We sincerely believe that given goodwill and commitment on all sides, a way forward can be found. Our first step has been to examine the basis in human rights law on the freedom of expression which are 2 articles, 19 and 20, of the ICCPR. These articles clearly state that the right of freedom of expression is not absolute or without limits. It maintains that in case freedom of expression poses a security threat or leads to incitement to violence, then states can enforce limits to this right. From our perspective, instances of so-called free speech in the West have already created security threats as well as incitement to violence - against Muslims as well as by Muslims (as in the Charlie Hebdo case). There is also the case that freedom of expression can infringe on the freedom of religion through intimidation, threats and verbal abuse which amounts to incitement of violence.

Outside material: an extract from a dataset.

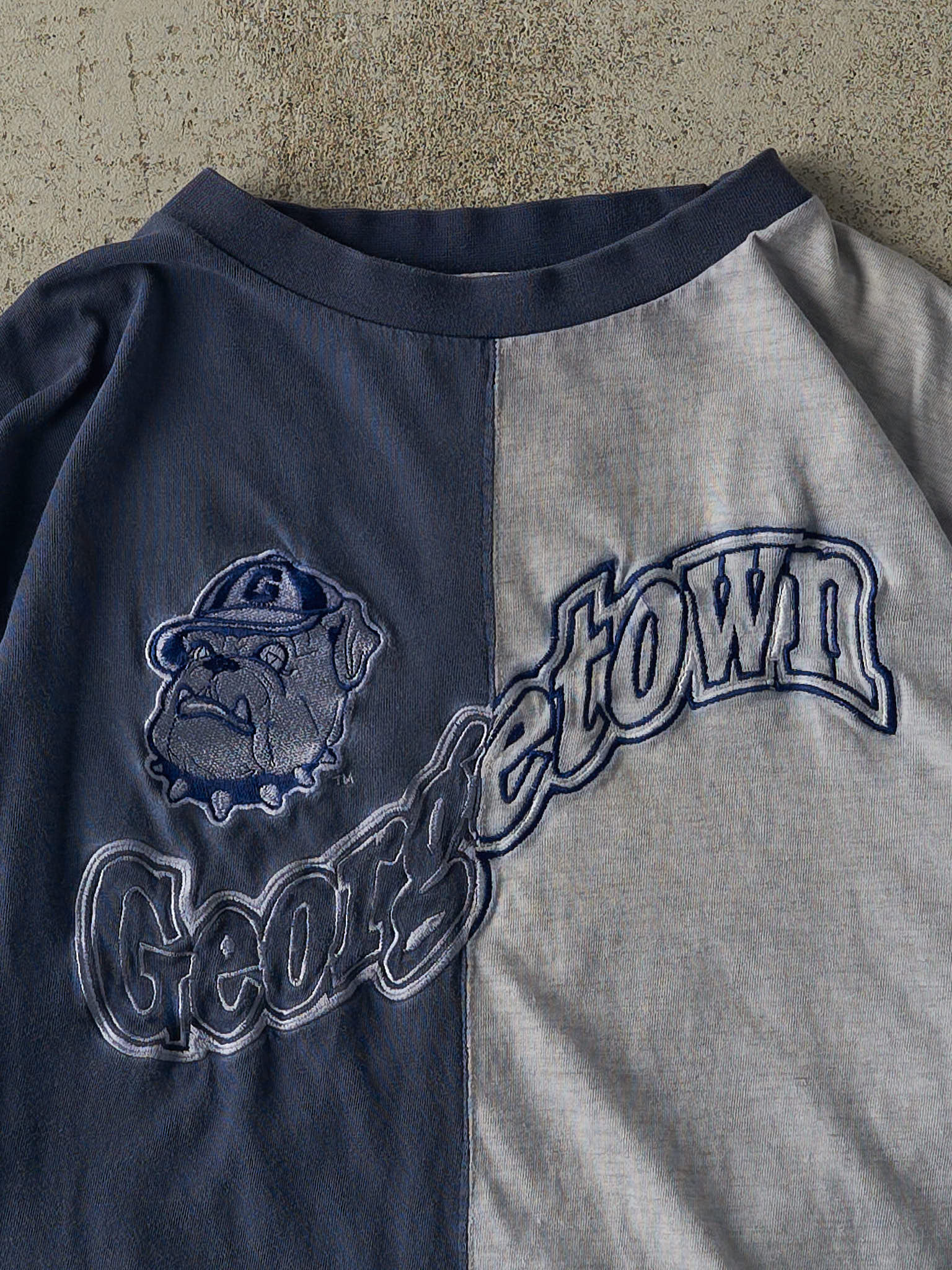 Vintage 90s Navy & Grey Georgetown University Hoyas Embroidered Single Stitch Tee (M/L)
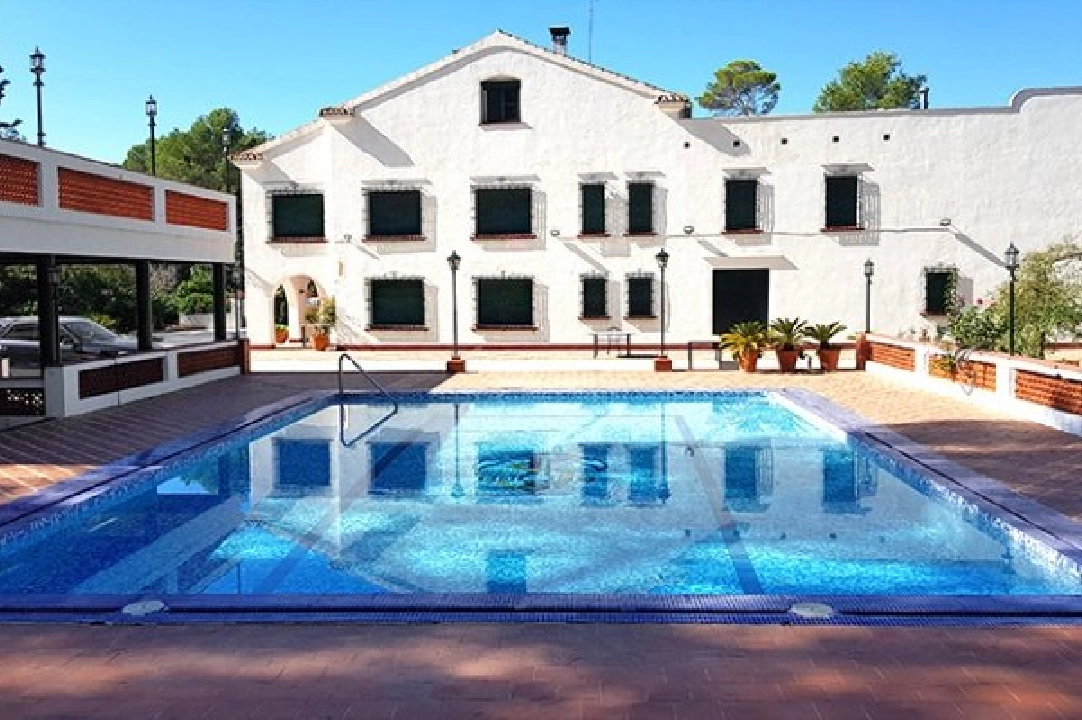 Villa in Gandia te koop, woonoppervlakte 1300 m², grondstuk 200000 m², 20 badkamer, ref.: BS-3974641-43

Moreover, as we have pointed out on several occasions, a number of European states already have laws that criminalise hate speech such as anti-Semitism and Holocaust denial. The Berlin Declaration of the Organisation for Security and Cooperation in Europe (OSCE) of 2004 also calls upon Western states to enact legislation against anti-Semitism while the Council of Europe, even more importantly, requires that Western states institute legislation against racism and racial discrimination based on, among other factors, religion. In the US, as well the limits of free speech have been identified by the judiciary in the Brandenburg versus Ohio case.
These facts demonstrate that there are several avenues that must continue to be pursued for the effective and comprehensive implementation of resolution 16/18. One strongest argument is that there should be no discrimination or double standards and therefore people of all faiths must be treated equally. The ultimate goal is to evolve a legal framework on the basis of consensus that would protect the rights of Muslims as well as people of other faiths on a non-discriminatory basis. It is now upto Pakistan’s diplomacy to continue to lead the way to this end.
The writer is Pakistan’s Permanent Representative to the European Office of the UN in Geneva.